Mega Man 11 is a Fantastic Entry Point for Series Newcomers

While I’ve always identified as a Mega Man fan, that identity came with an asterisk – I didn’t care much for the classic series. I grew up on Mega Man X and even dabbled a bit in Legends, and I loved both of those games. On a computer emulator I played Rock Man: Power Battles, learning the ins and outs of combat in the classic style but without the platforming sections to build up to the boss encounters. When the Battle Network series started, that became my reference point for most Mega Man lore – I’ve played every Battle Network game except 4, and played all three Star Force titles. The Mega Man I know and love is an RPG on a tactical grid.

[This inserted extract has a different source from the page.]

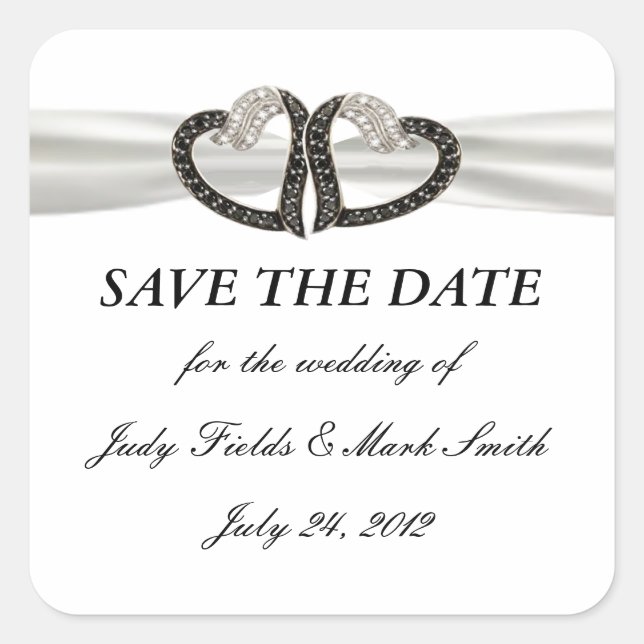 Black & White Diamond Heart Save The Date Stickers (Front)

That’s not to say that I never played the classic games. I tried out to varying degrees every numbered title in the series thanks to legacy collections and the like, but playing those older games never appealed to me much. The tricky platforming and general lack of helpful resources meant that I lost frequently, and I could only die so many times before I decided to simply put down the controller and move on to other games. Mega Man titles also lacked a strong narrative, which for me is a key factor in maintaining motivation when the mechanics of a game aren’t holding my attention.

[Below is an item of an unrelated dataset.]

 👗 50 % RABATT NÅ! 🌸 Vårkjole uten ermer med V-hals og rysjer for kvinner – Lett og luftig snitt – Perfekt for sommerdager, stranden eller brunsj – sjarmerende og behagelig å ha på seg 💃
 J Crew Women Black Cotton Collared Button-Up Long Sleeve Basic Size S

Mega Man 11 Light's Research
Trust me, Mega Man 2’s story sequence did not look like this.

As someone with little love for the classic series, the Mega Man 11 demo struck a chord I didn’t expect. The Double Gear mechanic added new possibilities that helped to freshen the classic formula. While I rarely broke out the power gear during the demo, the speed gear’s ability to temporarily slow down the hazards around me proved invaluable to dodging enemies and navigating tricky platforms. What was perhaps more helpful – even if I didn’t recognize it at the time – was being able to choose a difficulty setting appropriate for my level of skill and experience at Mega Man titles. I liked the demo enough to play Mega Man 11 in its entirety, and now that I’ve got my hands on the full experience I can firmly say that I enjoyed it even more than the demo led me to believe I would.

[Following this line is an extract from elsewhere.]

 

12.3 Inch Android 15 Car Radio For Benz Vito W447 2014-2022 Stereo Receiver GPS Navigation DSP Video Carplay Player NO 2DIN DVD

Of course, you’re not here for impressions. You’re here for details. So let’s dive fully into my experience with Mega Man 11 to discover what it is about this game that makes it special.

Mega Man 11 opens on a short series of animated screenshots with voiceover text giving you the background of the story. Back at university, Dr. Wily and Dr. Light were competing to make the next big move in robotics, complete with a council ready to choose one man’s research over the other. Light pitched the idea of robots with autonomy, while Wily developed the Double Gear: a machine designed to push robots to their limit by increasing their speed or power. It was determined that Light’s technology would be better for mankind and so Wily’s research was rejected.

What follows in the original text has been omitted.